## Input
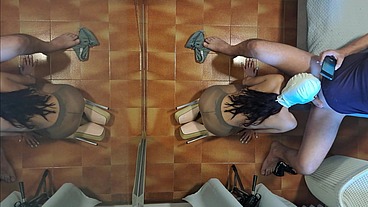Milf in pantyhose and high heels gives a blowjob on her knees with cum swallowing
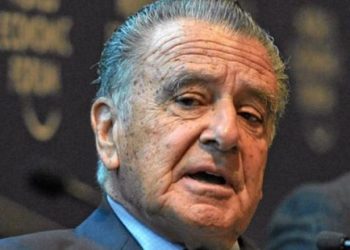 Eurnekian expresó su total desacuerdo con dichos de Milei: «No está a la altura de juzgar ni opinar sobre el Papa»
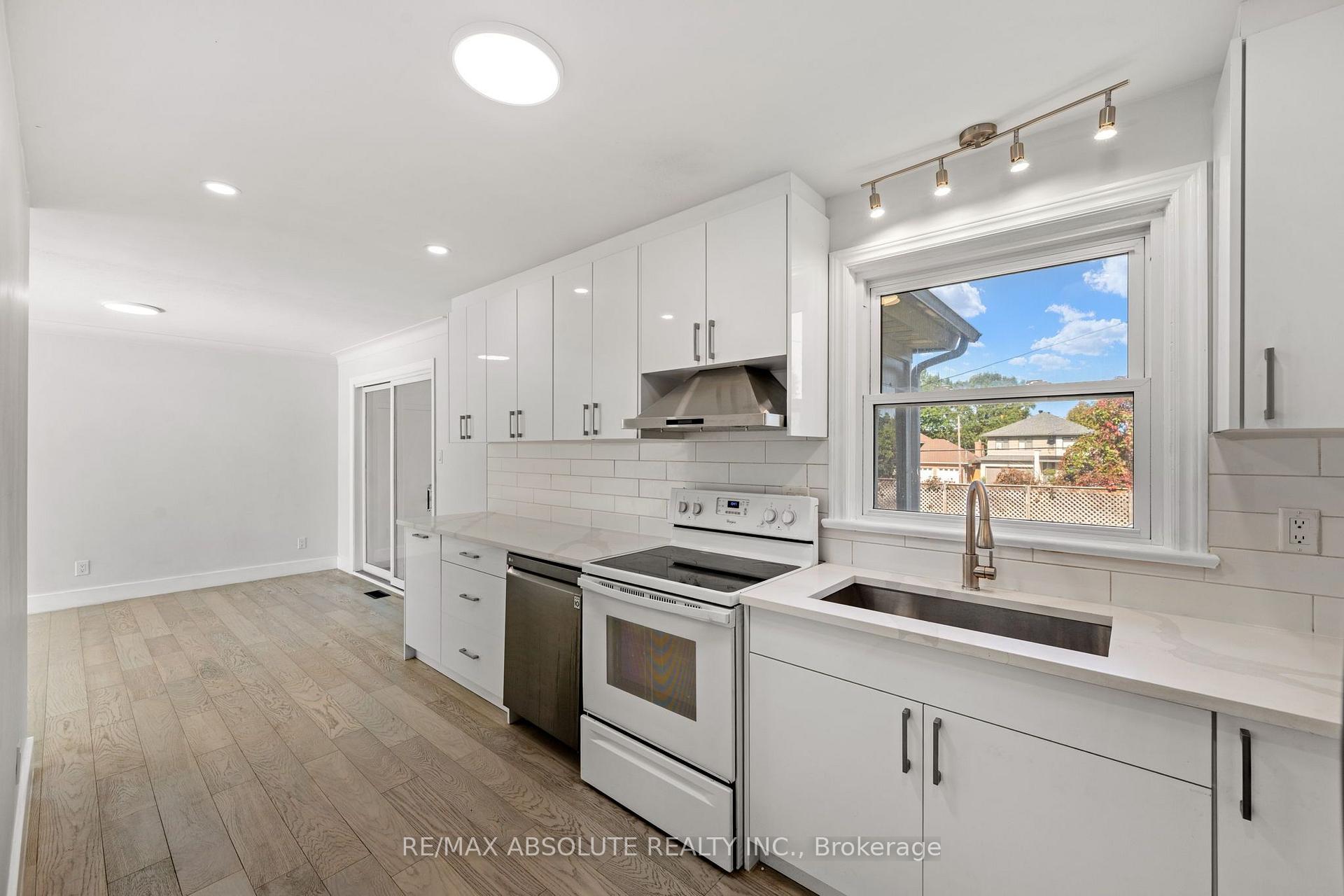 Photo 14 of 9 Epworth Avenue, Ottawa, Meadowlands/St. Claire Gardens — HOMEH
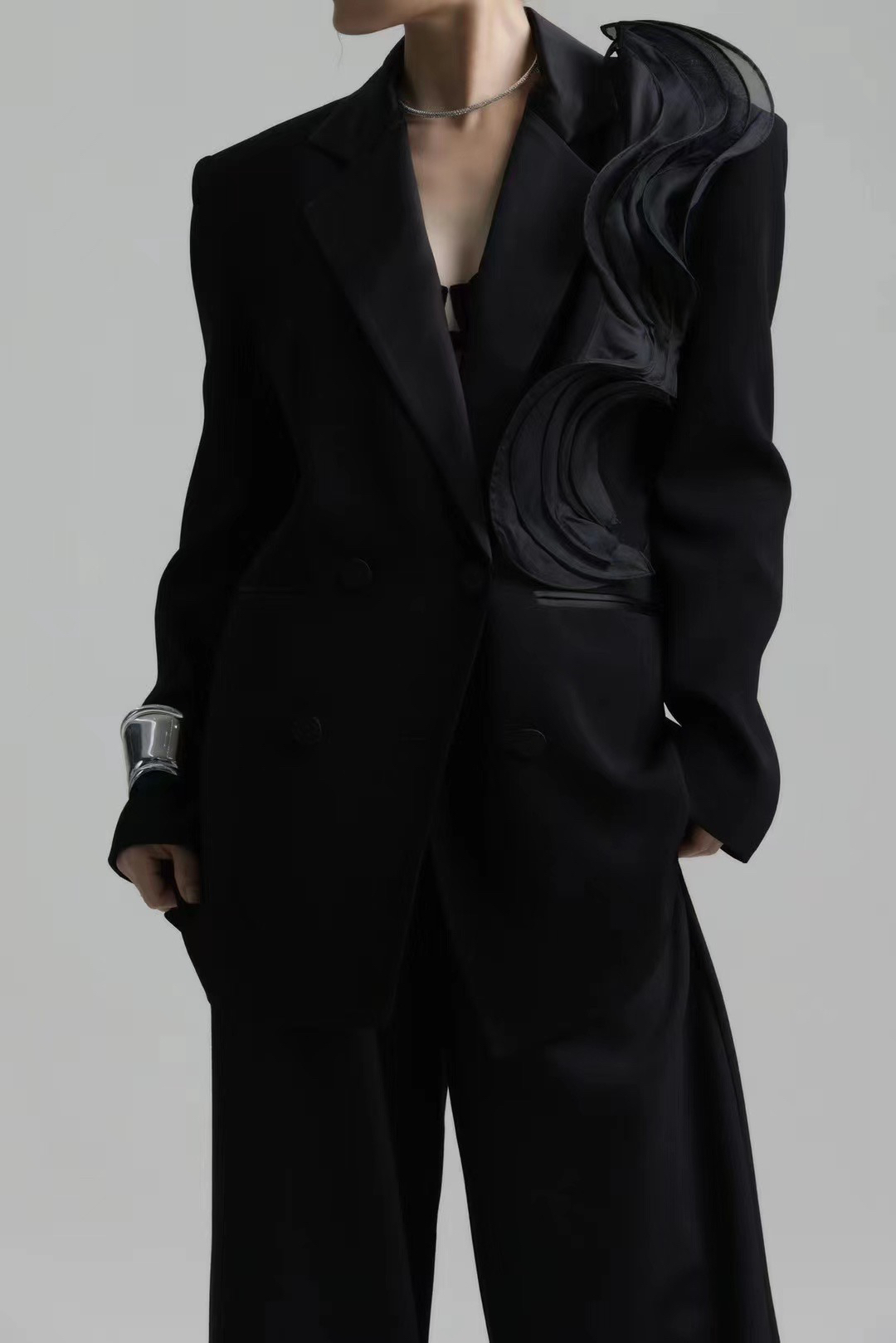 鹿高高醋酸+桑蚕丝邹秋季不规则花边无扣开叉西服外套
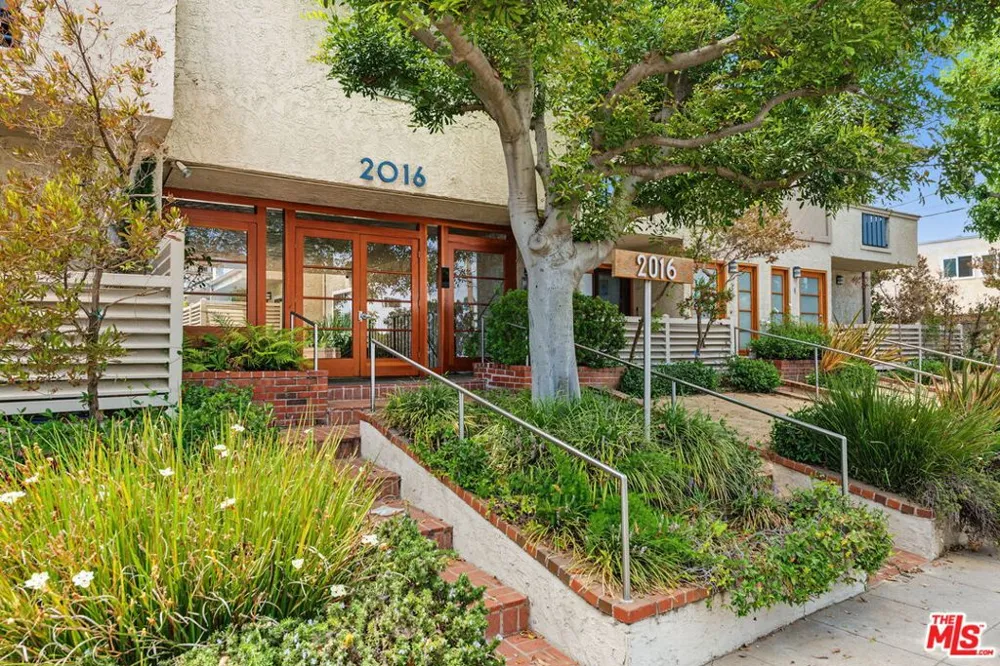 2016 Euclid Street #13 Santa Monica, CA 90405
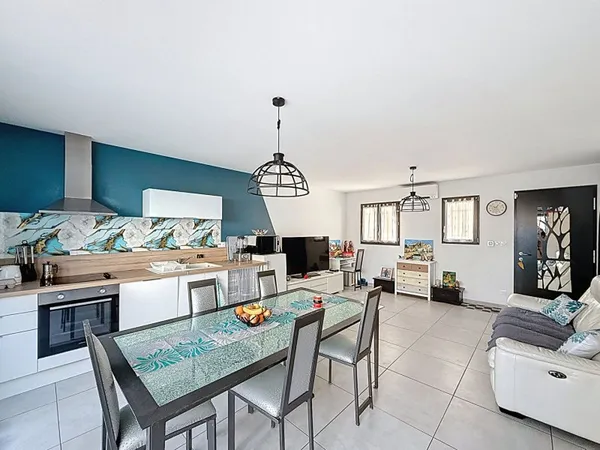 Maison Saint Maximin La Sainte Baume 5 pièces 121m2 au calme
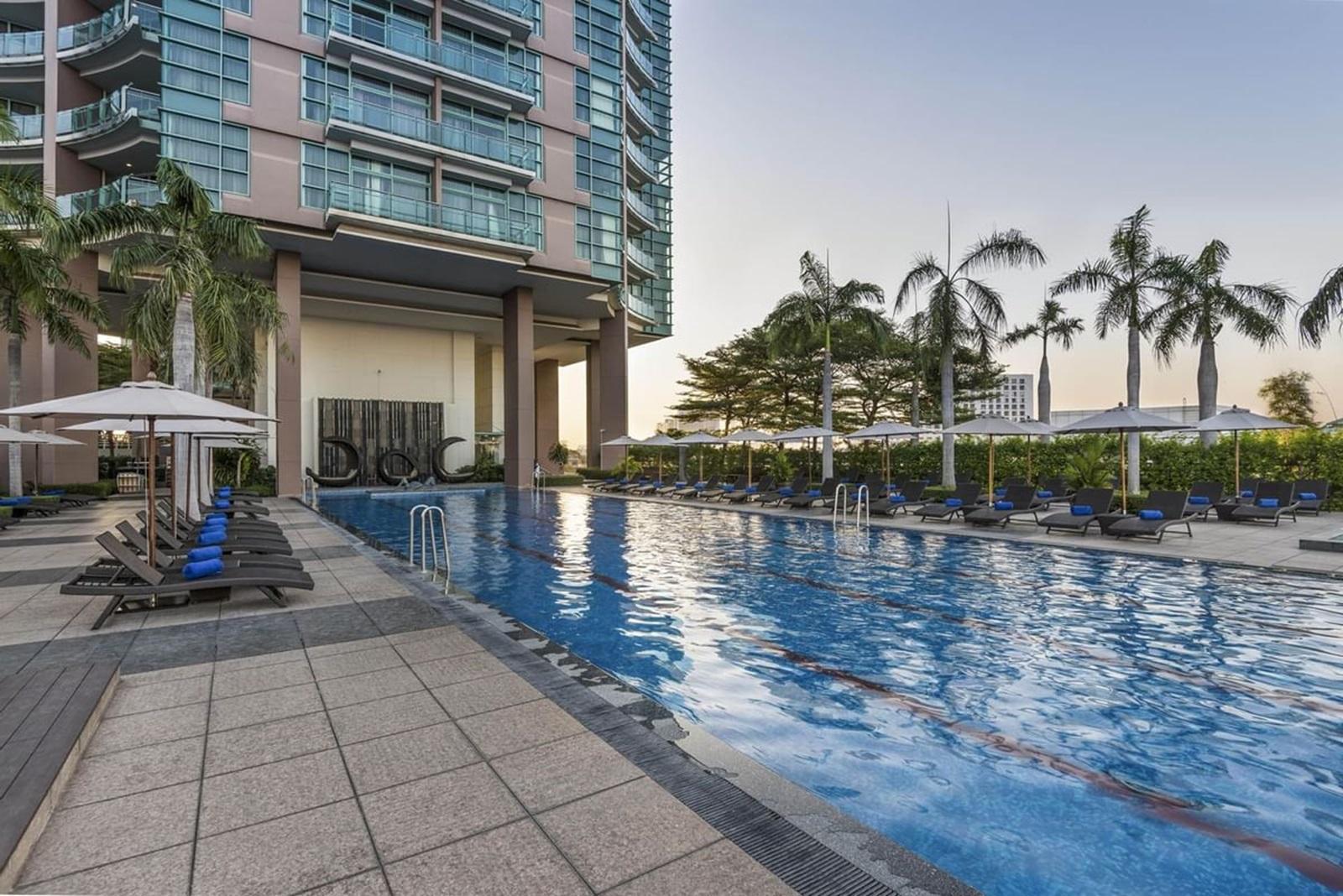 Chatrium Hotel Riverside Bangkok Swimming Pool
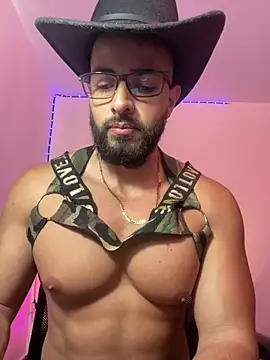 magnumchris online show from June 24, 2026, 2:04 pm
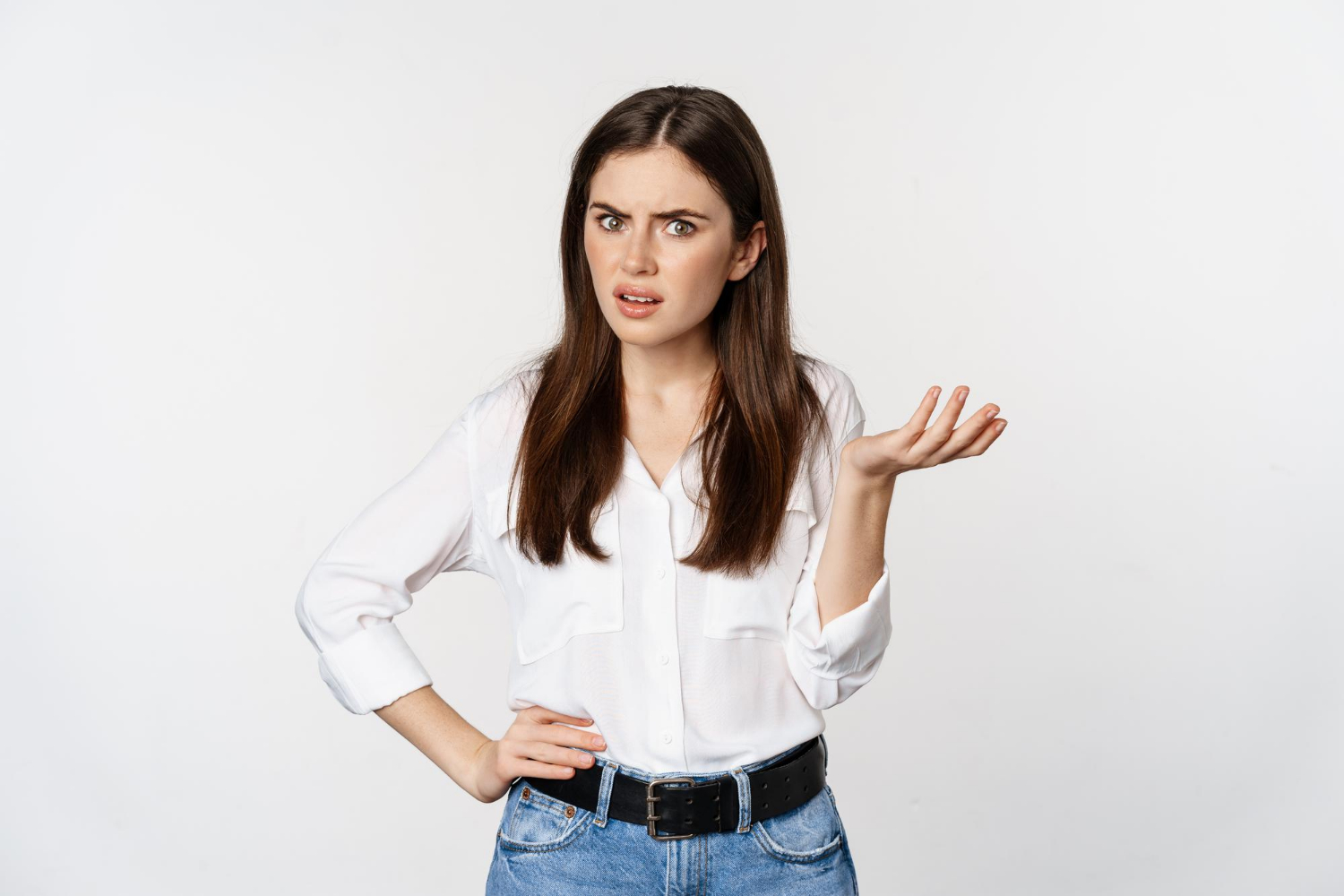 A frustrated woman | Source: Freepik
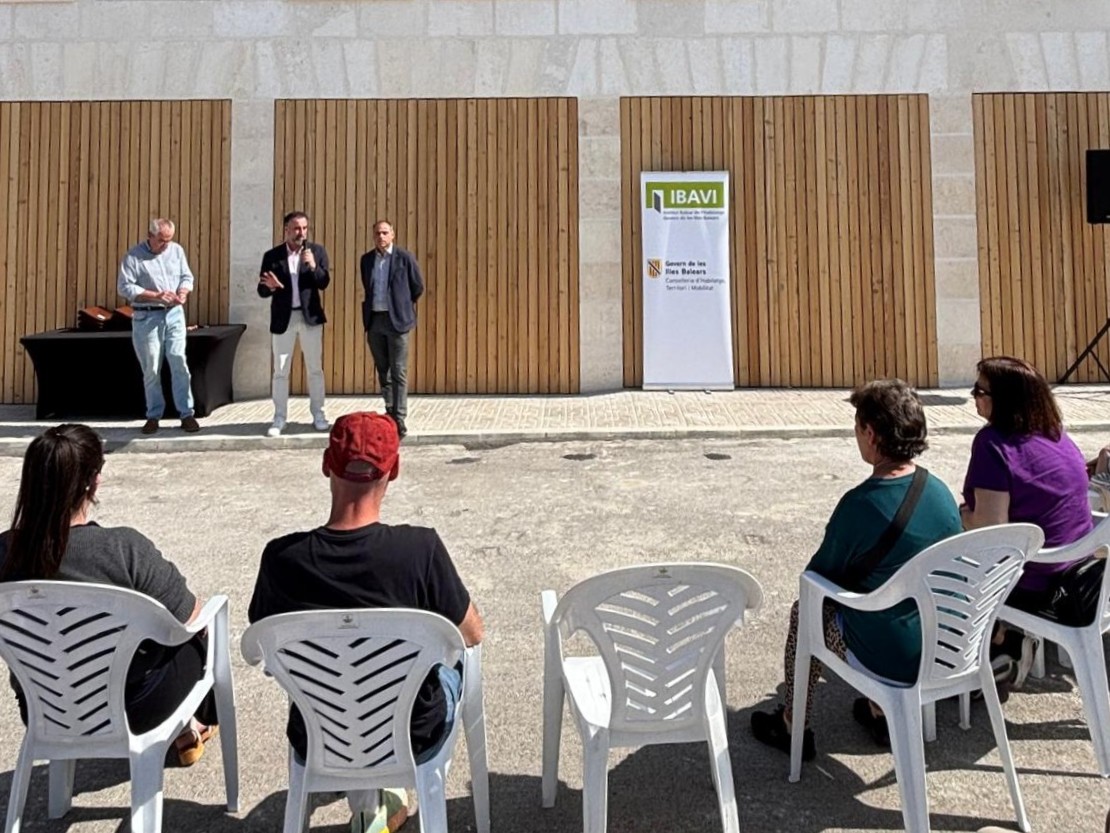 Les autoritats presenten la promoció a les persones adjudicatàries.  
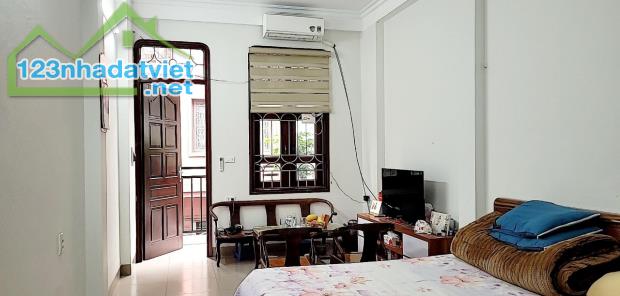 NHÀ PHÂN LÔ!! Nhà kđt Sài Đồng, Chu Huy Mân 50m2, ô chờ thang máy, chỉ 9.6 tỷ. - 3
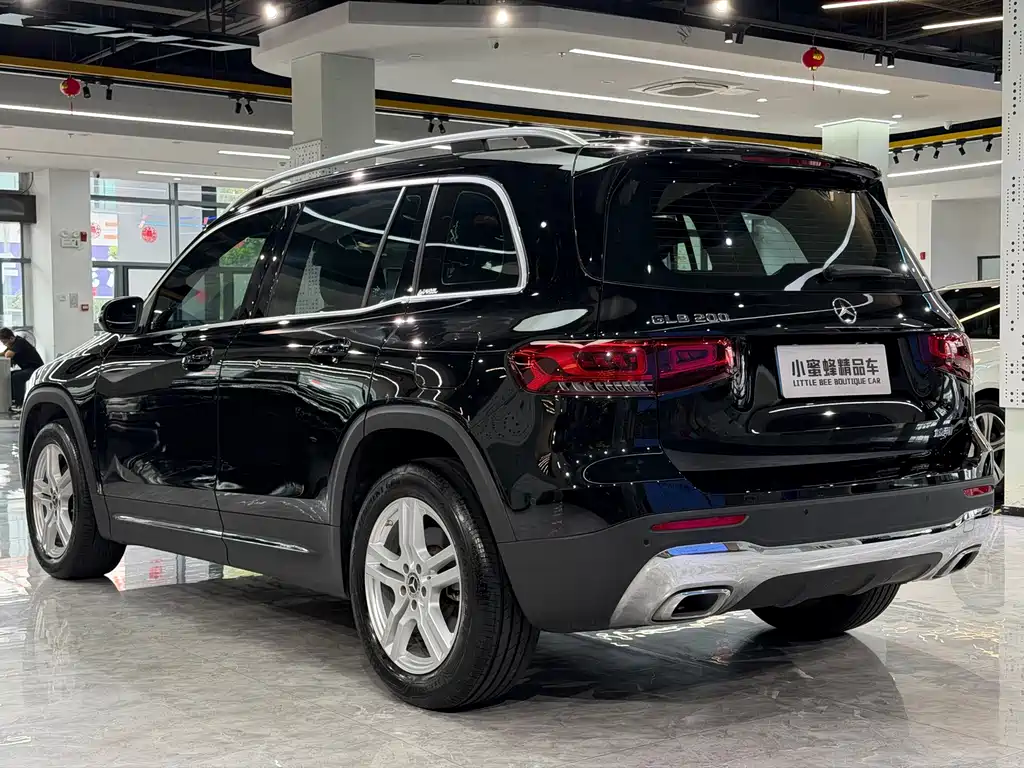 Mercedes-Benz GLB 2022 — фото 14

## Task brief
Every line from the one holding "magnumchris online show" through the end of the records above must be reproduced verbatim, pictures excepted.

## Task answer
 magnumchris online show from June 24, 2026, 2:04 pm
 A frustrated woman | Source: Freepik
 Les autoritats presenten la promoció a les persones adjudicatàries.  
 NHÀ PHÂN LÔ!! Nhà kđt Sài Đồng, Chu Huy Mân 50m2, ô chờ thang máy, chỉ 9.6 tỷ. - 3
 Mercedes-Benz GLB 2022 — фото 14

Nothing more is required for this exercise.